*About this task*. Copy each line of the records below, from the first through the one that contains "خروج بیش از", exactly as written.

********

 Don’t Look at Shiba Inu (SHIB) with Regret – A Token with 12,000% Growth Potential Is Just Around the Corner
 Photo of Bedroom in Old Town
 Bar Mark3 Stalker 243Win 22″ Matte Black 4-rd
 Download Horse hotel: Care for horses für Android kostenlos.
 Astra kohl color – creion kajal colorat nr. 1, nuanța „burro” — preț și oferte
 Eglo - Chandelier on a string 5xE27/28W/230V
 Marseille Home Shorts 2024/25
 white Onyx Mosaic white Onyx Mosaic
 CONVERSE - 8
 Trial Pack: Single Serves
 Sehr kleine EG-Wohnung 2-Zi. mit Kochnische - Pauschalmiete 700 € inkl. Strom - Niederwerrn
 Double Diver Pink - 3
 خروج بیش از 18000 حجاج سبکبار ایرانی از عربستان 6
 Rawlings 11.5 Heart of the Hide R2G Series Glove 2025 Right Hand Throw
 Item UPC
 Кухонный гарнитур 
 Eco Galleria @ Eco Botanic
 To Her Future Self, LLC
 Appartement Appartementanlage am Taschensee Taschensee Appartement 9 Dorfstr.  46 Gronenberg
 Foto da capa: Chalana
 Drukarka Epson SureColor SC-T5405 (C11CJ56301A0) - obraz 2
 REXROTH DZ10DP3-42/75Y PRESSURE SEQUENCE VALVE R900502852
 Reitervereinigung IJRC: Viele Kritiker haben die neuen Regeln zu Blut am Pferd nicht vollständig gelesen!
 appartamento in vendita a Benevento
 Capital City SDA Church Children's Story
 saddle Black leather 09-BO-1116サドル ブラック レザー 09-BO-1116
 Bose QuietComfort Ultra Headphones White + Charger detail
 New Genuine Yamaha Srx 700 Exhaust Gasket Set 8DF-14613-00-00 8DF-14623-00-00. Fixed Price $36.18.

********

*Finished exercise*.
 Don’t Look at Shiba Inu (SHIB) with Regret – A Token with 12,000% Growth Potential Is Just Around the Corner
 Photo of Bedroom in Old Town
 Bar Mark3 Stalker 243Win 22″ Matte Black 4-rd
 Download Horse hotel: Care for horses für Android kostenlos.
 Astra kohl color – creion kajal colorat nr. 1, nuanța „burro” — preț și oferte
 Eglo - Chandelier on a string 5xE27/28W/230V
 Marseille Home Shorts 2024/25
 white Onyx Mosaic white Onyx Mosaic
 CONVERSE - 8
 Trial Pack: Single Serves
 Sehr kleine EG-Wohnung 2-Zi. mit Kochnische - Pauschalmiete 700 € inkl. Strom - Niederwerrn
 Double Diver Pink - 3
 خروج بیش از 18000 حجاج سبکبار ایرانی از عربستان 6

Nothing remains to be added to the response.